A palavra ´terceirização´ utilizada no Brasil equivale ao termo inglês outsourcing, que, literalmente, significa ´fornecimento vindo de fora´. De forma resumida, terceirização é definida como o método pelo qual uma empresa prestadora de serviços é contratada por outra empresa ou pela administração pública para realizar os serviços entre elas pactuado.

Através desse sistema, a empresa que presta serviços emprega e remunera os trabalhadores que exercerão as atividades contratadas, sem que haja o reconhecimento de vínculo empregatício entre a contratante e os colaboradores ou ainda entre os trabalhadores e os sócios da empresa contratada.

O Projeto de Lei n. 4.330/2004 traz mudanças significativas na legislação brasileira com relação à terceirização das atividades, sistema de contratação que vinha sendo regulado unicamente pela Súmula nº 331 do TST.

A proposta que buscava expandir a terceirização para atividade-fim e não apenas para atividade-meio foi aprovada na Câmara dos Deputados por 230 votos a favor e 203 contra. Já a proposta que estende a atividade para setores para administração pública teve 257 votos a favor e 38 contra.

Também foi aprovada a proposta que diminui a “quarentena” de pessoas que saiam de um trabalho e passem a prestar serviço como terceirizado. Pela proposta, o funcionário pode voltar à empresa como terceirizado após 12 meses e não 24, como estava previsto.

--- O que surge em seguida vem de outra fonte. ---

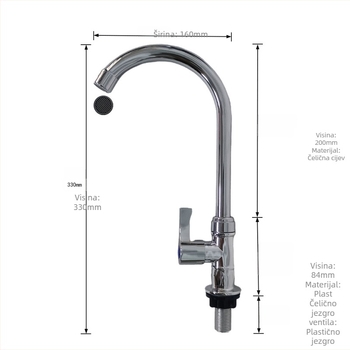 Kuhinjski faucet ABS, keramički disk ventil, 20 mm ulaz/izlaz, XS01005 model, radna temperatura 0–80°C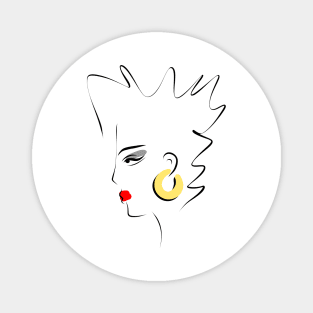 Portrait of a girl in a minimalistic linear style. Magnet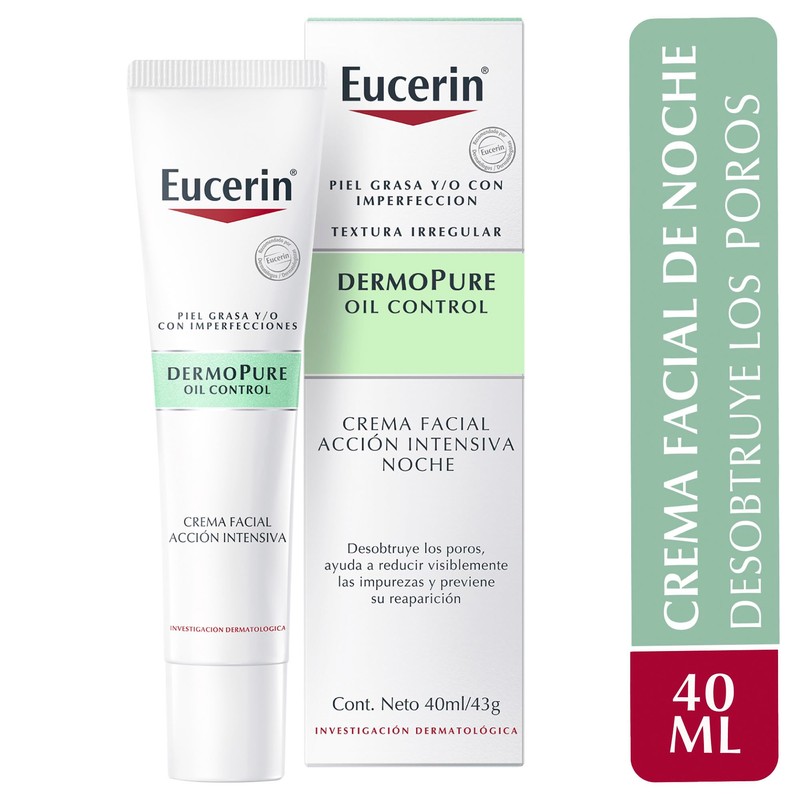 Eucerin Crema facial noche piel grasa, 40ml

Agora o projeto segue para o Senado, sem data para votação. Se os senadores mudarem algum ponto do texto, a matéria volta a ser debatida na Câmara. Se o Senado mantiver o texto como está e aprová-lo, ele vai para sanção presidencial.

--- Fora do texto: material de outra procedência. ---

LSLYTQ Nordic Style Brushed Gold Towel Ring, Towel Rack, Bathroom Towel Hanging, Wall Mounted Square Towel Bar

Se a Presidenta vetar algum ponto da proposta, ela volta para ser apreciada em sessão conjunta do Congresso, que pode manter os vetos ou derrubá-los (ou seja, fazer valer o texto aprovado na Casa). Se a Presidenta Dilma sancionar (aprovar) o projeto, ele passa a valer como lei trinta dias após a publicação em Diário Oficial.

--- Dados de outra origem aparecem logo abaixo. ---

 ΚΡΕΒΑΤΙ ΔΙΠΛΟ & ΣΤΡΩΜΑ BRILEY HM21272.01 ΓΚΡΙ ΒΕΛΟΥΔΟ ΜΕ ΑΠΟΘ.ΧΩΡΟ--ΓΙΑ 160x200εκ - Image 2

O projeto até agora aprovado abrange empresas privadas, sociedades de economia mista, empresas públicas, produtores rurais e profissionais liberais, excluindo a administração pública direta. Em tramitação há mais de uma década, o projeto foi utilizado durante vários anoscomo bandeira de campanhas a mandatos eletivos, a favor, sob o discurso de defesa da lucratividade das empresas e eficiência do Estado, ou contra, sob o argumento da super exploração do trabalhador.

Tramitando com aprovação pelas Casas e sendo sancionado, publicado e transcorrido o prazo citado, permite que as terceirizações ocorram em quaisquer atividades, de meio ou fim, sendo que o contrato de prestação de serviços pode versar sobre o desenvolvimento de atividades intrínsecas, acessórias ou complementares à atividade econômica da contratante (art.4º, §2º, do PL).

Neste sentido, os críticos da ampliação da possibilidade de terceirização dos serviços já citam o primeiro equívoco, ao destacar que se foge do principal objetivo para o qual a terceirização foi criada – justamente a permissão de que empresas especializadas realizem esta sua competência para a contratante e permitam que esta última se ocupe de sua finalidade precípua.

Ocorre que o projeto, na forma como até agora foi aprovado, tem originado opiniões divergentes acerca das vantagens e desvantagens a empresários e trabalhadores.

O empresariado, em sua grande maioria, é favorável à terceirização, no sentido de que esse sistema já é um fato consumado e irrevogável, não mais existindo possibilidade de descartá-la do dia a dia das empresas.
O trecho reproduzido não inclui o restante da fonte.